Question
Optimal multiplication of two 3D arrays having a variable dimension
I would like to multiply tensors R = {R_1, R_2, ..., R_M}
and X = {X_1, X_2, ..., X_M}
where R_i
and X_i
are 3×3
and 3×N_i
matrices, respectively. How can I make maximum use of NumPy functionalities during the formation of the R_i × X_i
arrays?
My MWE is the following:
import numpy as np
np.random.seed(0)
M = 5
R = [np.random.rand(3, 3) for _ in range(M)]
X = []
for i in range(M):
N_i = np.random.randint(1, 6)
X_i = np.random.rand(3, N_i)
X.append(X_i)
result = np.zeros((3, 0))
for i in range(M):
R_i = R[i]
X_i = X[i]
result = np.hstack((result, np.dot(R_i, X_i)))
print(result)
Edit #1:
Thanks for everyone who helped me with his valuable comments.
Meanwhile I was thinking about the role of N_i
s in my real problem and came to the conclusion that the number of unique N_i
s is in fact small (1 to 5; 2 is the most common one, but 1 is also very frequent). In this case, would there be a more efficient solution to the treatment of multiplications?

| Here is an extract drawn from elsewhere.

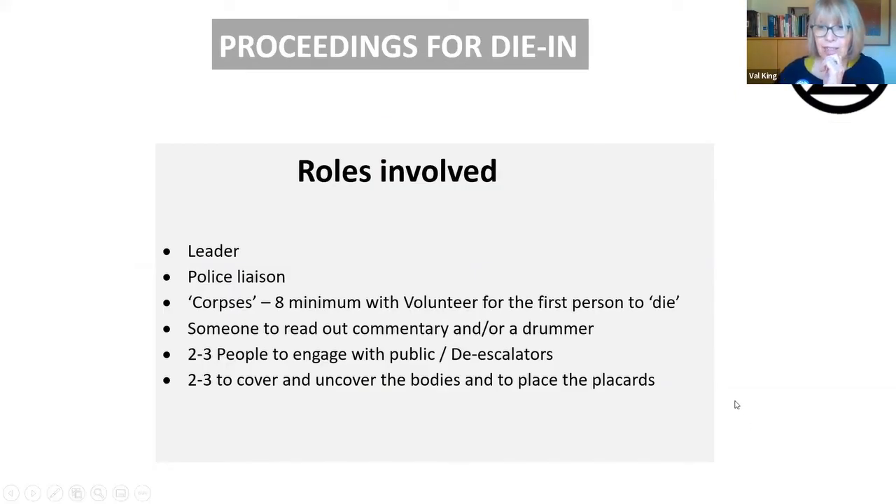Thinking about the organisation of a die-in, there are different roles involved. You need someone to lead it with police liaison. At the Buchanan Street die-in, the first one we did at COP, somebody had found out we were doing it and the press were already there. Melanie quite rightly decided to involve the police and they couldn't have been more helpful. At Queen Street and Glasgow Central stations, police were really, really cooperative. In fact, I went up to a police officer and said we were going to do a peaceful die-in, and we went up to the station manager's office together. She was really helpful and we actually changed to a better location and all went well. Our general observation is that police are fine with die-ins.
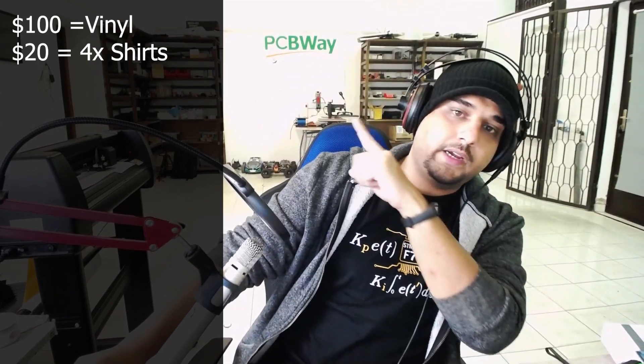Next I had to purchase a heat press. Once you cut the vinyl, you remove the material you don't want, place it on the shirt, align it, and press it. I bought a heat press for $164 from the UK. If you're in the US you can get this stuff a lot cheaper, but in Europe everything is much more expensive. So our total is now at $284.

Another aspect which would be important: in practice, I store a 3 × N
matrix X
, not the individual X_i
blocks. The columns of X
are not ordered w.r.t. the R
list. Instead, I store only an index vector p
which provides the correct ordering for the X
columns.
In this case, an einsum
version would be the following (in comparison with the "direct" multiplication):
import numpy as np
M = 30
N = 100
np.random.seed(0)
p = np.random.randint(M, size=N)
R = np.random.rand(M, 3, 3)
X = np.random.rand(3, N)
result_einsum = np.einsum('ijk,ki->ji', R[p], X)
result_direct = np.zeros((3, N))
for i in range(N):
result_direct[:, i] = np.dot(R[p[i]], X[:, i])
print(np.allclose(result_einsum, result_direct))
Edit #2:
It seems that Numba helps quite a lot:
import numpy as np
import numba
from timeit import Timer
M = 30
N = 100
np.random.seed(0)
p = np.random.randint(M, size=N)
R = np.random.rand(M, 3, 3)
X = np.random.rand(3, N)
@numba.njit
def numba_direct(R, p, X, result_direct, N):
for i in range(N):
p_i = p[i]
for j in range(3):
res = 0.0
for k in range(3):
res += R[p_i, j, k] * X[k, i]
result_direct[j, i] = res
result_direct = np.zeros((3, N))
numba_direct(R, p, X, result_direct, N)
result_einsum = np.einsum('ijk,ki->ji', R[p], X)
print(np.allclose(result_einsum, result_direct))
ntimes = 10000
einsum_timer = Timer(lambda: np.einsum('ijk,ki->ji', R[p], X))
einsum_time = einsum_timer.timeit(number=ntimes)
numba_direct_timer = Timer(lambda: numba_direct(R, p, X, result_direct, N))
numba_direct_time = numba_direct_timer.timeit(number=ntimes)
print(f'Einsum runtime: {einsum_time:.4f} seconds')
print(f'Numba direct runtime: {numba_direct_time:.4f} seconds')
The execution times are the following for the above code:
Einsum runtime: 0.0979 seconds
Numba direct runtime: 0.0129 seconds